Because many Indian visitors to the UK don’t go home at the end of their holiday, the British are now insisting on a £3000 deposit to be put down by Indian passport holders entering the country, the money returned when they do. In retaliation, the Indians are making it difficult for UK citizens to visit India and therefore hampering my plans to spend a winter holiday in Bombay and Goa.
Godamn war! Can’t we all just live in peace?

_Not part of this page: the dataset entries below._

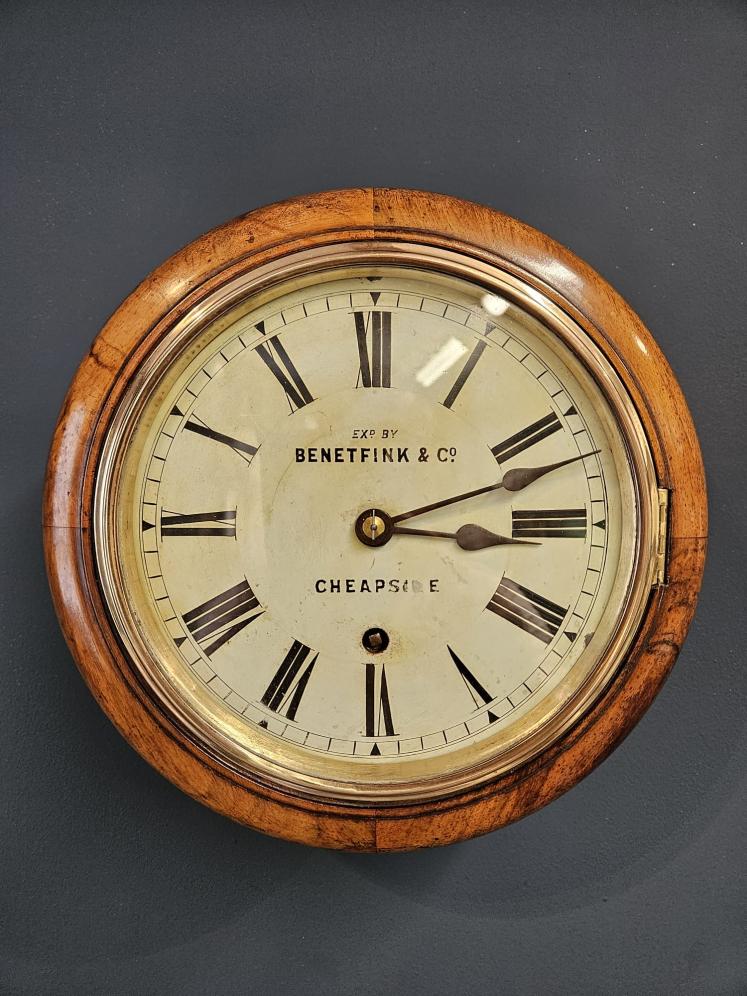 Small Victorian Walnut Cased 8" Dial Clock - Image 2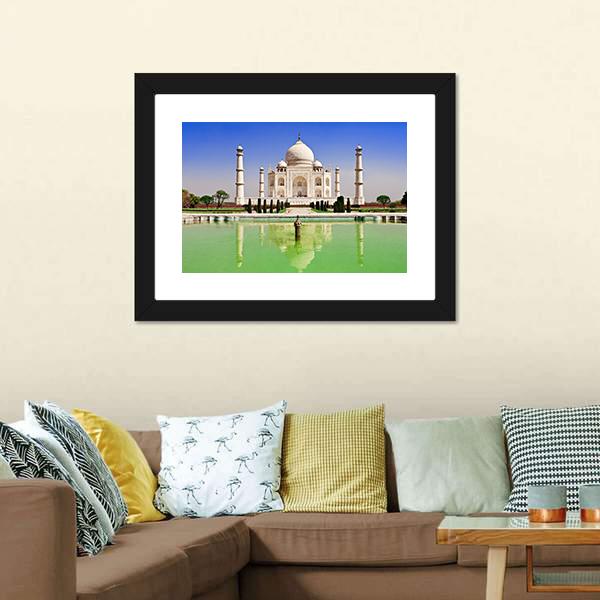 Green Pond In Front Of Taj Mahal Canvas Wall Art-3 Horizontal-Gallery Wrap-25" x 16"-Tiaracle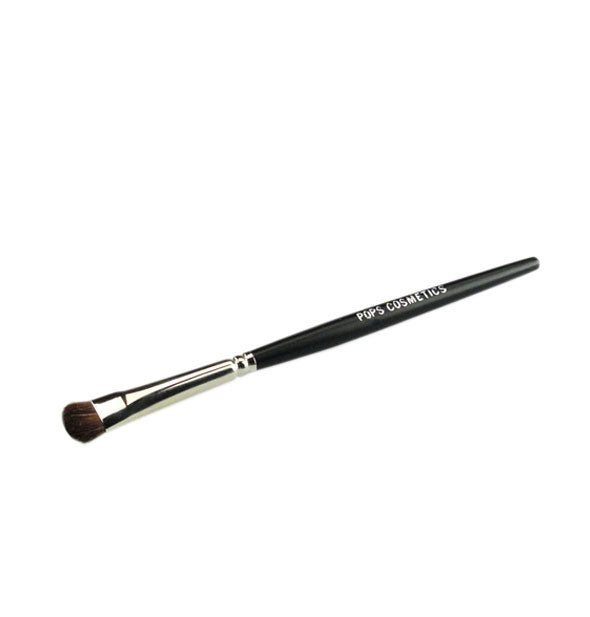 Pops Cosmetics eye shadow makeup brush with nickel ferrule and black handle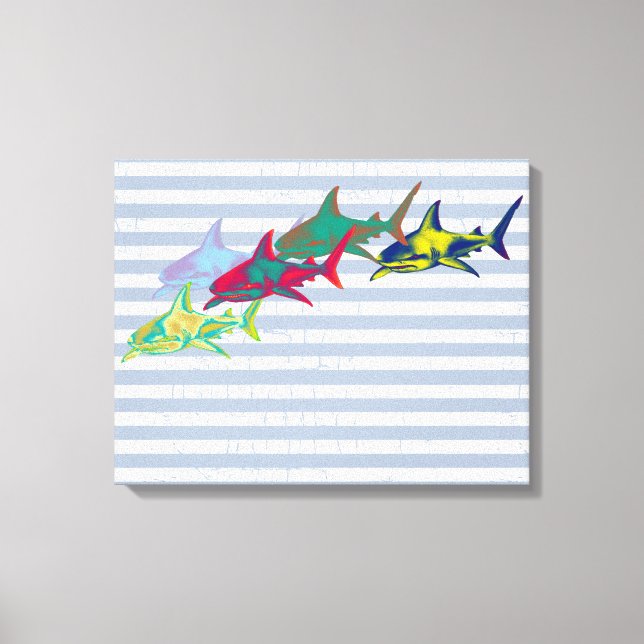 cool shark on white stripes canvas print (Front)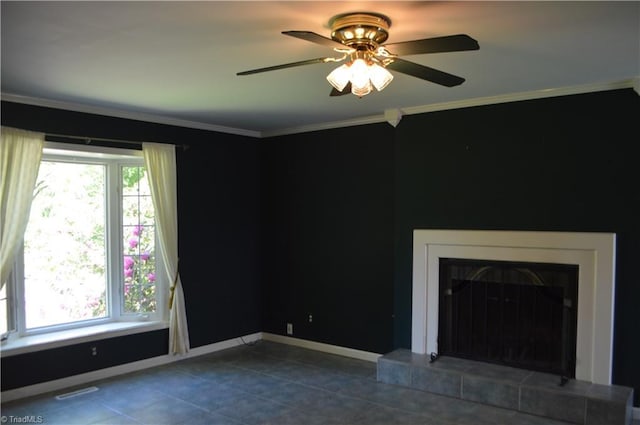 117 Ridgecrest Dr, Mount Airy, NC 27030 - unfurnished living room with crown molding, tile patterned flooring, a fireplace, baseboards, and a ceiling fan
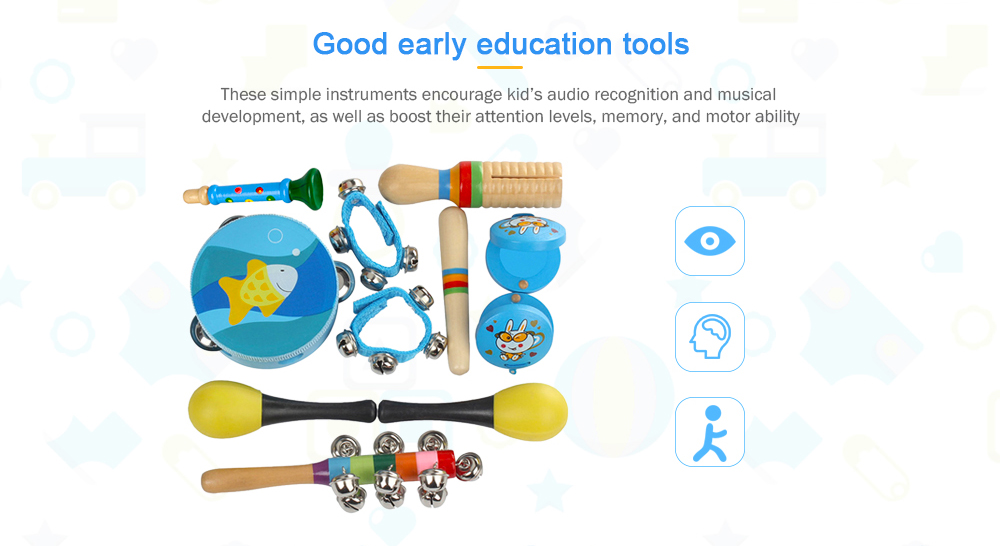 Percussion Musical Instrument Toy Kit Drum Bell Horn Hammer Tambourine Castanets Wooden Stick for Kids Baby Early Education 11PCS
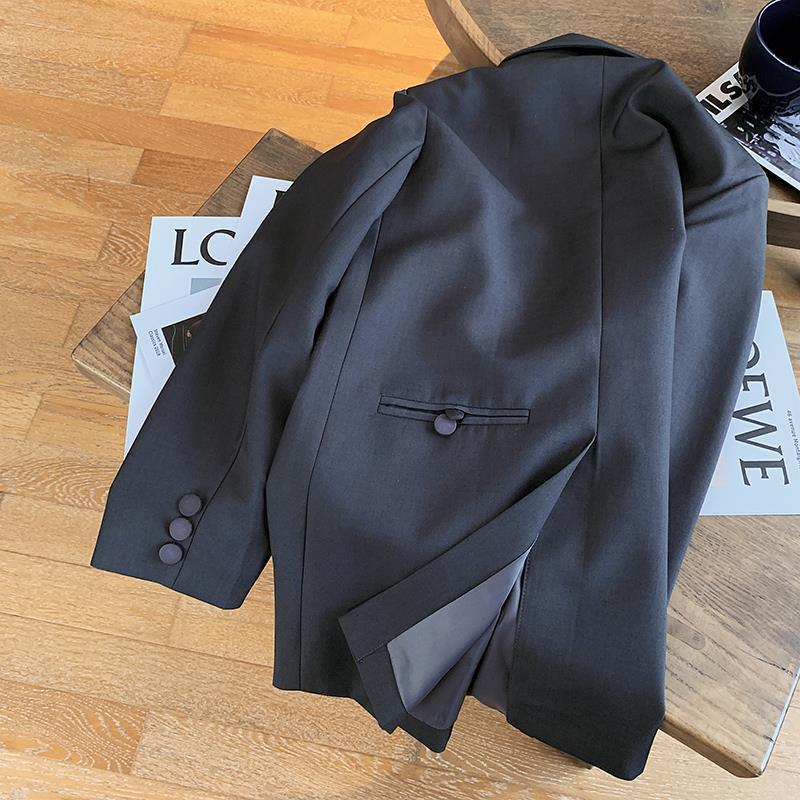 小西装外套女韩版2022秋装新款设计感小众灰色气质英伦风垂感西服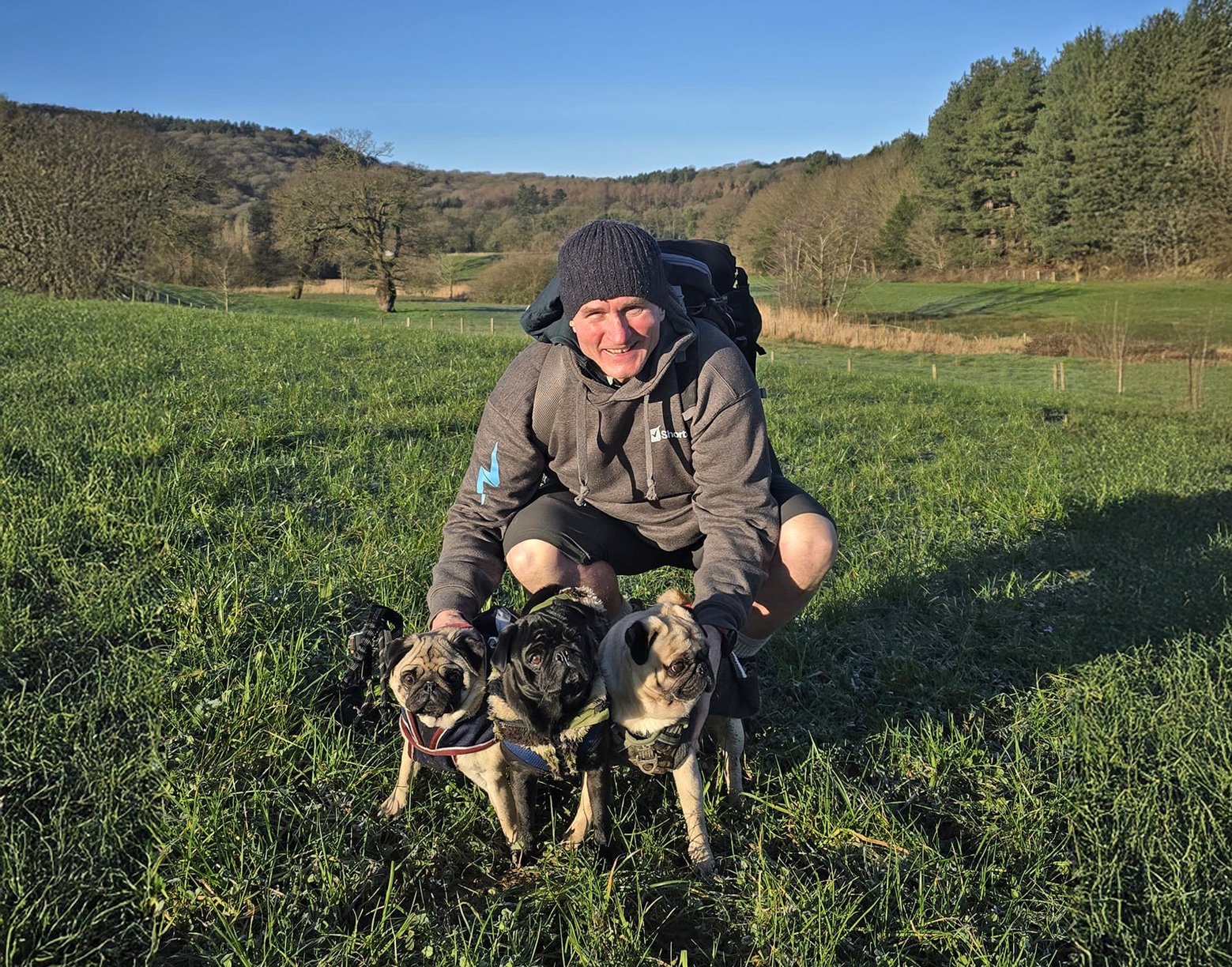 Giles, Bertie and Yoyo enjoying a walk in the countryside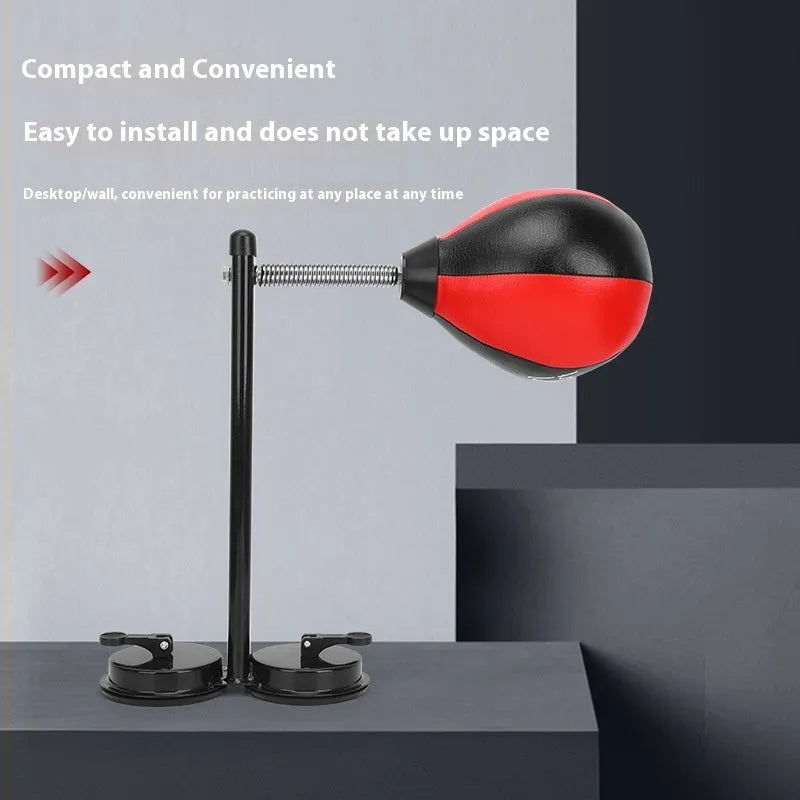 Pear-shaped tumbler vent inflatable boxing reaction ball with red and black head and pump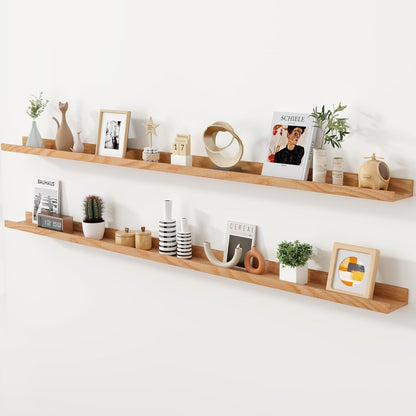 Axeman Oak Picture Ledge Shelf, 48 Inch Floating Shelves Set of 2, Solid Oak Wood Wall Shelves with Lip, Wall Decor Storage for Bedroom Living Room Bathroom Kitchen Nursery Photo Picture, Natural Oak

On the subject of India, the town where I live is split into two – the northern, American designed residential area (deliberately located upwind of the petrochemical plants) described by some as pseudo-California (TGI Fridays and Starbucks are recent arrivals on the palm lined sea-front, not a bikini in sight) while to the south is the old town, known as Little India (deliberately located downwind of the petrochemical plants) where the lowly Asian labourers/slaves live. These are the guys - from India, Pakistan, Afghanistan, Bangladesh, the Philippines and Sri Lanka - who make the nation tick and just about survive on $100/$200 a month. It’s run-down, cheap and not at all cheerful, teeming with subjugated humanity, and I’m sure if a satellite heat-seeking device was passed over it a shimmering, creeping mass of cockroaches would show up. I was once browsing in a Levi’s store and a roach the size of a toy car scuttled out from under a pair of jeans. I passed on the sales assistant’s offer to try them on.
It might be filthy but it does have atmosphere and vitality, in stark contrast to the languid shopping for spending money’s sake and junk food gluttony of the swanky northern area where the better-off pass their evenings. The old town ghetto is reality for the mass majority of foreign workers in the sand, living on a diet of flat breads baked in huge kilns and eaten with fool, lines of men snaking out into the street after a 12 hour shift under a blazing sun on construction sites or garbage trucks or road gangs. They live in cramped rooms alongside the ubiquitous cockroaches and a dozen or so other men with a shower and toilet between them, allowed home every five years if they’re lucky, dependent on the contractor handing over their passports. So I can’t really feel sorry for myself because India won’t give me a visa when a lot of these guys come from there or thereabouts and are deliberately prevented from going home while I just want a holiday to escape from the sand.